Patrick J. Kennedy, the former representative from Rhode Island, who donated $35,800 to an Obama re-election fund last fall while seeking administration support for a nonprofit venture, said contributions were simply a part of “how this business works.”
“If you want to call it ‘quid pro quo,’ fine,” he said. “At the end of the day, I want to make sure I do my part.”…
This shouldn’t come as a surprise unless you actually believed that Obama was different.
3. War against Women
In all my years growing up in the good old Soviet Union, I never met a non-working woman. Let me put it another way: because all citizens were required to work and the government had officially abolished the differences between sexes in the workplace, one hundred percent of women were doing their part in creating paradise. The result was general misery, as usually is the case in going against human nature….
…The risible "War on Women" is not about free contraception. It is about taking away the ability to decide what to do with your life and forcing women into "one-size-fits-all" shackles. I have lived that reality, and it's not pretty.
So I'll take Ann Romney, who "never worked a day in her life," over the overpaid professional loudmouth who led the charge against her. I'll even vote for Mitt if Ann promises to keep him in line.
I think the “forcing women into “one-size-fits-all” is the important insight in this. Banning contraception does that as does discounting women who chose to stay home with their children.
4. Global Warming and its Own Contradictions
The typical doomsday cult believes that an apocalyptic disaster is imminent. When the disaster fails to arrive, the cult faces a psychological disaster from which it may or may not recover by announcing a new and later date for doom to arrive…

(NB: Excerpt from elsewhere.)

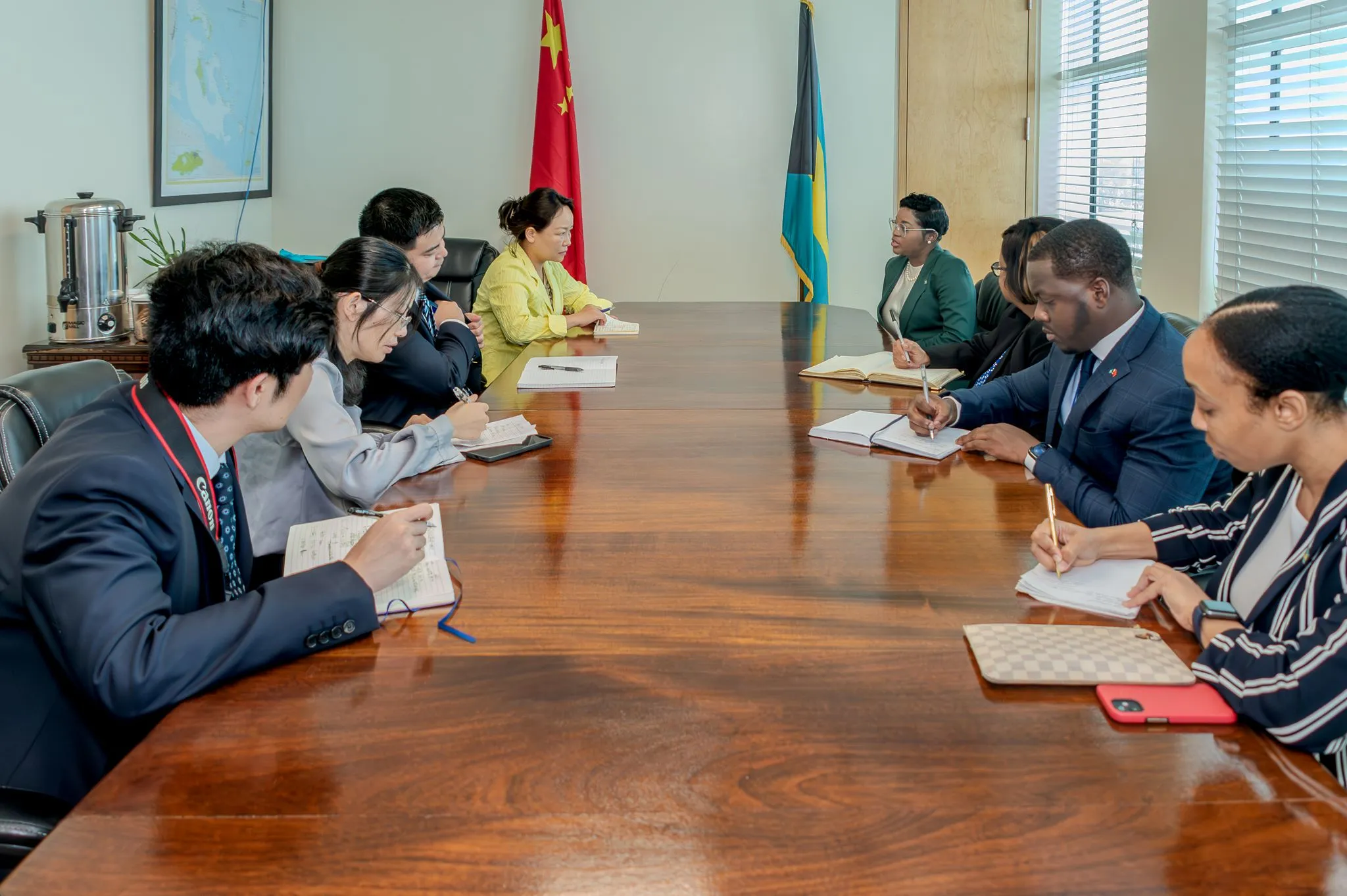 Energy and Transport Minister receives the Chinese Ambassador in a courtesy call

…An iron triangle, in political usage, describes a strong lobbying interest with three mutually supporting components. The iron triangle of interests that promotes government support for global warming consists of big science, environmental organizations, and alternative energy industries.
The advocates of global warming are beginning to have the classic doomsday cult problem. The Earth hasn't been warming for 16 years, and that's starting to get very embarrassing. The first adjustment to the dogma was to stop talking about global warming and start talking about climate change. The latest version of the party line is that we are going to have more extreme weather. The reality is that the weather is not any more variable or extreme than in the past. But with suitable fishing in the data, it is easy to make a case that this or that weather phenomenon has become more extreme.
The scientist Richard Lindzen has pointed out that the extreme weather theme is inconsistent with the global warmers' own theories. The global warmers have long claimed that the poles will warm faster than the tropics. One of their key scary claims is that vast amounts of ice at the poles will melt and raise sea level. So, according to warmer theory, the temperature difference between the poles and the equator will lessen. But it is that very temperature difference that drives weather, particularly extreme weather, when cold fronts from the poles collide with warm fronts emerging from the tropics. So the warmers' claims are fundamentally contradictory. How can weather become more extreme when the driver of extreme weather, the pole-to-equator temperature difference, is supposed to weaken?...
Don’t bother telling this to the believers because they don’t really understand science. They simply accept the consensus. Evidently they don’t understand what consensus is either.